Tag Archive for 'Artificial Intelligence'

Looking for Minima

Annealing is a process to harden metals: by repeatedly heating and freezing metal, atoms within the metallic structure are dislodged and then moved back into place, which moves those atoms that were not part of a regular structure to more correct positions, resulting in a stronger metal piece.
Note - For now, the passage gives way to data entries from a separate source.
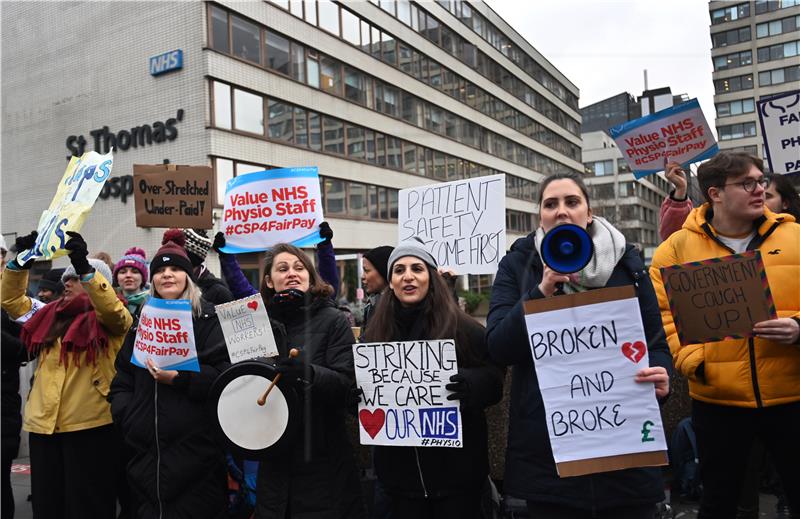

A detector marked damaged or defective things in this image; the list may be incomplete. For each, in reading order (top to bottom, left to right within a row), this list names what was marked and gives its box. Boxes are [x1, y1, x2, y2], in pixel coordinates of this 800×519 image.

red broken heart drawing [620, 344, 648, 364]
red broken heart drawing [362, 408, 388, 440]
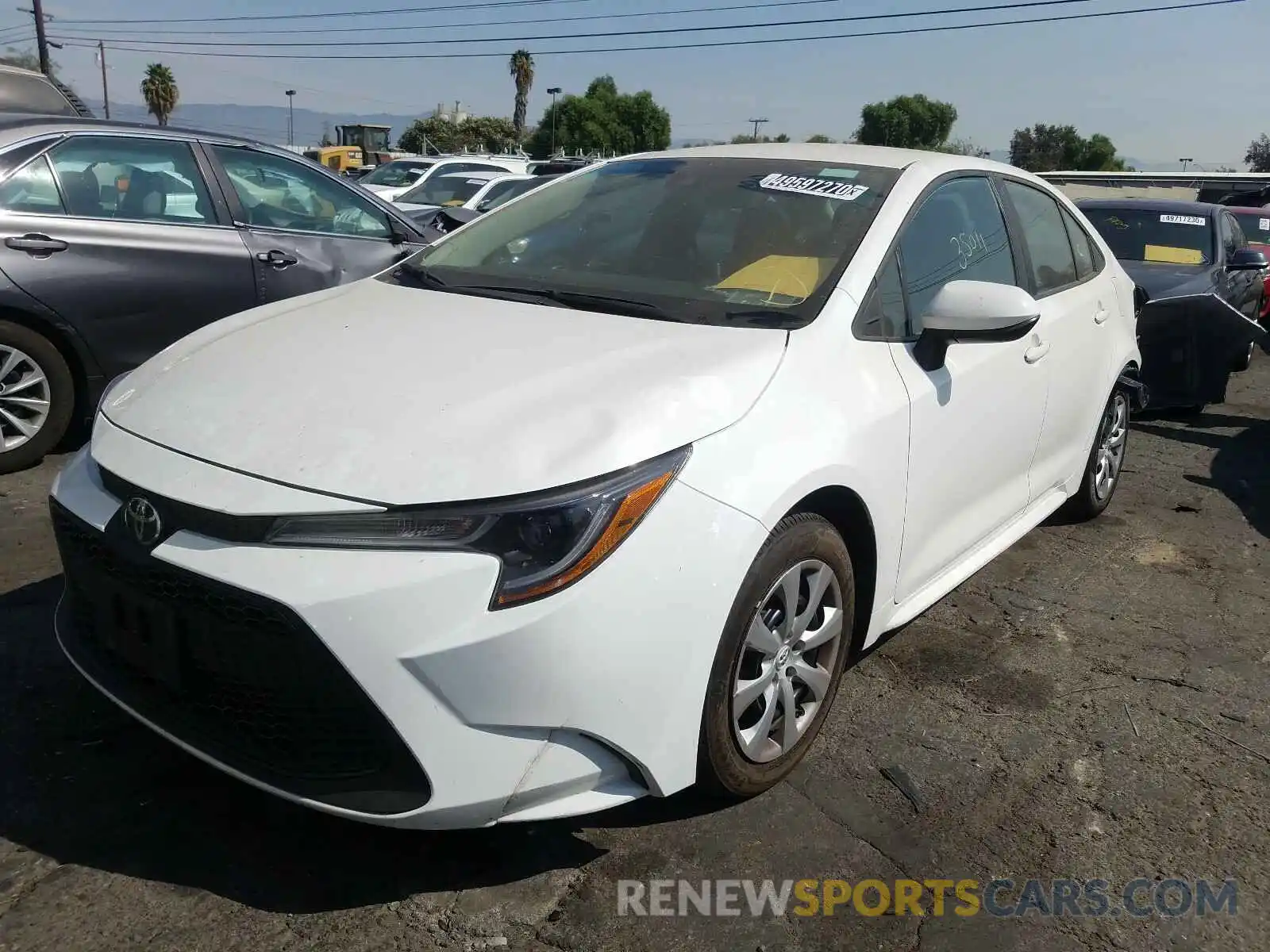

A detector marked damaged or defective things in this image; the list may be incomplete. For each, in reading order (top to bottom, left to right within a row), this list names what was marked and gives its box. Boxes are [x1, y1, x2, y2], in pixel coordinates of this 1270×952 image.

damaged sedan [1080, 199, 1264, 406]
cracked asphalt [0, 359, 1264, 952]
The underlying process is that of energy reduction: an atom in a non-regular position within a crystalline lattice has a high potential energy, but is kept into place because it has reached a local energy minimum (so moving away requires more energy than it has). By imcreasing the available energy, the atom is allowed to move out of the local minimum, and so it ends up in a location with lower energy (with a reasonable probability, though this is by no means certain). By applying this process a high enough number of times, the global minimum can be reached.

Simulated Annealing

In computer science, that process can be applied to minimization techniques: instead of exploring the problem space completely, annealing is simulating by moving around randomly in that space. In order to move towards minima, every move which increases the value can be canceled with a certain probability that increases as time passes.

For example:

let annealing steps energy initial =
  let rec aux n best best_energy current =
    if n = 0 then best else
      let current = random_move current in
      let new_energy = energy current in
      if new_energy < best_energy then
        aux (n-1) current new_energy current
      else if Random.int steps < n then
        aux (n-1) best best_energy best
      else
        aux (n-1) best best_energy current
  in aux steps initial (energy initial) initial

This is by no means the only possible approach: other variations can involve checking whether the move is upwards since the last position (instead of the best position so far) or using a different probability approach for preventing up-moves.

Genetic Computing

A common problem found in simulated annealing and genetic algorithms is the implementation of solutions as programs: since these approaches require the ability to randomly mutate a solution, and a program is usually a fickle and weak construct that can easily die if one of its parts is forcibly removed, representing programs as randomly altered entities is difficult.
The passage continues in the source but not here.